На следующий день вхожу в уже знакомый мне подъезд, поднимаюсь по старинной чугунной лестнице, но вхожу не в правую дверь (а я ее хорошо знаю, там две библиотекарши, и мы давно дружим, они мне второй год дают даром все учебники для Никиты, а я им перевожу заголовки и примечания к иностранным книгам). В этот раз звоню в дверь, где была позавчера "незваная", и сразу, войдя, знакомлюсь с самим Любищевым. Меня уже ждут, стол накрыт. Из кухни выходит та дама, что вчера была у меня — ее зовут Любовь Александровна.

Все так просто, так приятно, снова по-человечески сесть застоя, беседовать с людьми на знакомом мне языке, быть в настоящей квартире... Но и люди чудные — каждый по-своему. Я понимаю, что они все про нас знают. Александр Александрович даже и упоминает, что вчера вечером "случайно" встретил Надежду Яковлевну — "Вы ведь с ней знакомы?" - "Как же, как же, но... сейчас редко встречаемся, это когда работала в Пединституте"...

Знакомство, а дальше дружба с Любищевыми сделались не сразу; первое время они ко мне присматривались, разбирались, что это за подстреленная птица влетела к ним, не постучав, в окно? Ну, это и понятно — иначе было бы неестественно, такое было время... А я? Я трудно сходилась с людьми, не то, что пуд соли вместе съесть, а, пожалуй, и побольше! Однако я поверила своей вечной примете: точно и ясно составить себе мнение о новом мне человеке при первом рукопожатии. Думаю, что никогда не обманулась. Все Любищевы мне сразу пришлись по душе; скоро это знакомство мне стало казаться естественным. А то, что я пошла к ним в дом не своей волей, со временем стало казаться событием особенным, чуть ли не сверхъестественным. Тут был брошен якорь, и судьба медленно, будто и нехотя, менялась, будто хотела стать милостивее...

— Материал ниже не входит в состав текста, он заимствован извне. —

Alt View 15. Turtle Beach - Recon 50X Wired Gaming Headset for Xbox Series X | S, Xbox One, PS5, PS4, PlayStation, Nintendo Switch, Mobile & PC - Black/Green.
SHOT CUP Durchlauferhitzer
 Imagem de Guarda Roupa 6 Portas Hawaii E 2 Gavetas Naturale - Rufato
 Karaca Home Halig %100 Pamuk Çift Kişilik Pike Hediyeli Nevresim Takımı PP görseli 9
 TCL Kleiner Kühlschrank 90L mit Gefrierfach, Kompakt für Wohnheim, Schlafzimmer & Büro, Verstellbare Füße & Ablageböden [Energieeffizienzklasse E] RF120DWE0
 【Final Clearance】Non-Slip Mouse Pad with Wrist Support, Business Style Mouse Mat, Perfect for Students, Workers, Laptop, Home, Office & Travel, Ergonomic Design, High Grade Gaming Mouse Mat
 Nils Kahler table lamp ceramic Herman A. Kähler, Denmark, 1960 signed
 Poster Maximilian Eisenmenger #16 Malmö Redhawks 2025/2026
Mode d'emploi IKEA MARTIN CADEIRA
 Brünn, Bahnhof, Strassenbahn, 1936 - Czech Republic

Мне бы хотелось подробно написать про Александра Александровича, постараться воссоздать его образ... Какой он был приветливый, какой особый! Подчас смешной, веселый, чудачил охотно; любил показаться совсем простым, незатейливым; внезапно загорался, доказывал, грозно обличал и... весь преображался. Как он настойчиво и прилежно работал — это был основной стержень всей его жизни, он свою науку яростно защищал.

Иногда Александр Александрович начинал сам расспрашивать про все, что я видела и пережила за 25 лет эмиграции и чего он не знал. Его интересовало все: люди, города, путешествия; особенно же война, участие Игоря Александровича в движении Сопротивления в о Франции, мои хождения в Гестапо, оккупированный Париж, освобождение Парижа — он слушал внимательно, запоминал: про лекции Бердяева, про мать Марию, про балет Дягилева. А мне было приятно все ему рассказывать: про нашу жизнь в Париже, про моего отца, словом, многое из того, о чем я уже упоминала в этих записках.